ANALYSIS-Long guerrilla war would follow Gaddafi "win"
14/03/11
* Defeated, rebels would resort to guerrilla warfare
* Insurgents would likely be based in eastern towns
* Guerrillas would need secret arms cache network
By William Maclean, Security Correspondent
LONDON, March 11 (Reuters) - Far from ending Libya's conflict, a military victory by Muammar Gaddafi would see his enemies retreat to a few urban strongholds and relaunch their revolt as a grinding guerrilla war.
A decisive win for the government in conventional military terms remains unlikely, in the view of many, but is no longer unimaginable: Enjoying supremacy in the air and in heavy armour, Gaddafi's forces appear to have regained the momentum in the OPEC member country's three-week old conflict.
If Gaddafi's military advance retains the initiative, it could overtake cautious international efforts to halt him. A defeat for rebels even in their eastern heartlands is seen by some analysts as no longer beyond the bounds of the possible.
Noting Gaddafi's forces were better equipped and disciplined than the opposition, National Intelligence Director James Clapper told a Senate hearing in Washington on Thursday that eventually "the regime will prevail."

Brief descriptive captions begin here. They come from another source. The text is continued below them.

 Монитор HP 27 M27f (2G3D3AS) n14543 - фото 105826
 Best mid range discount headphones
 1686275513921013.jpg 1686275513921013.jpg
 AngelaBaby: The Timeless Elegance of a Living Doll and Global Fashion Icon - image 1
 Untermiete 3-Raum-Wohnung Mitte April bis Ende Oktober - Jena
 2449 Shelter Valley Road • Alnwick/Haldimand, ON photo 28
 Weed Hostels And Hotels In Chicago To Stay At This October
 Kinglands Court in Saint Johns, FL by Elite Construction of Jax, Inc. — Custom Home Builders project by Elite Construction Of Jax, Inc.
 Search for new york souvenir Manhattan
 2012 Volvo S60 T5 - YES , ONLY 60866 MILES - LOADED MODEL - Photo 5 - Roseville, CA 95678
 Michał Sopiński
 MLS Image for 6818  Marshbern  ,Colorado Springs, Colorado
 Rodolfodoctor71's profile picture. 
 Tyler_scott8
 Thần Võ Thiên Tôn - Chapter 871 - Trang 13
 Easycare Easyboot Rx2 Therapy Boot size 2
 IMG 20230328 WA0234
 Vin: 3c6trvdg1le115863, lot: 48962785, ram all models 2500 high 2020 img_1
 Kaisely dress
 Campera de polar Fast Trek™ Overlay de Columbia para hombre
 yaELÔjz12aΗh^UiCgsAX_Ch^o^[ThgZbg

But analysts say a traditional military victory would not restore to Gaddafi complete control of the north African country of the kind he enjoyed in the 41 years of his rule to date.
That is probably gone forever.
Instead, eastern cities such as Benghazi that have been the historic heartland of opposition to Gaddafi's rule will likely resist complete government control.
CRACKDOWN
There, an urban guerrilla insurgency will be able to nest in the cities, drawing support from residents horrified by the government's violent crackdown on civilian protesters. It might also draw on the covert provision of foreign military expertise.
Guerrilla chiefs would also be able to manipulate rifts in a ruling establishment now riven by numerous defections by army officers, tribal leaders and veteran former state officials.
And Gaddafi and his entourage will be constrained by tightening international sanctions aimed at denying him access to funds, weapons and foreign travel.
"If Gaddafi reasserts control it will be in the face of new tribal and regional divisions," said Yezid Sayigh, a professor in the War Studies Department at King's College, London.
"Large sections of the population will no longer be willing to provide the intelligence Gaddafi would need to confront an urban insurgency. There may be physical control of key state buildings but that's not like having real security control."
Graham Cundy, a military specialist at Diligence, a Western security and intelligence consultancy, said there was no shortage of arms and ammunition in the east, the traditional bastion for disaffection to Gaddafi's rule.
So urban centres in the region could provide havens for a core of committed fighters drawing on support from locals.
"You've got everything that's required for a continued campaign of armed dissent against Gaddafi were he to reassert power," said Cundy, a former British military officer with long experience of guerrilla warfare in Afghanistan.
Guerrilla warfare against an entrenched incumbent power requires safe areas where fighters can recuperate, rearm and plan, military experts say. Examples are mountains, captured territory, remote regions, a friendly neighbouring country or large cities which afford a degree of anonymity.
Libya, more than 2-1/2 times the size of France, lacks mountains, and many of its remote regions might end up being controlled by groups of uncertain afiliation.
As a result, said Shashank Joshi, associate fellow at Britain's Royal United Service Institute, cities in the east were the most likely places to emerge as bastions for the rump of a defeated rebel force.
"What I think you are going to see is the northeast remaining a bastion of the opposition," he said.
TOUGH RESISTANCE
He pointed to the northwestern city of Zawiyah, taken by the army only after days of violent assault, as an example of the kind of tough resistance urban guerrilla forces could offer. But the rebels will have to up their game if they are to survive further assaults of similar ferocity, analysts say.
Rebel commanders appear to lack an agreed strategy and a unified command, profound weaknesses for which their fighters' evident enthusiasm does not compensate, analysts say.
Noman Benotman, who fought against Gaddafi as an Islamist guerrilla in the 1990s, said the rebels had to make haste and build a secret network of rural and urban bases in the east.
In the event Gaddafi reasserted his grip on eastern towns, a web of arms caches, food, water and fuel would be essential to enable an insurgency to survive, said Benotman, who now works as a counter-radicalisation expert for British think tank Quilliam.
"They need urgently to reorganise in the east, and they lack experience, which will be a problem. But if they can build those bases, they can wage a war without frontlines and create hell for Gaddafi's forces."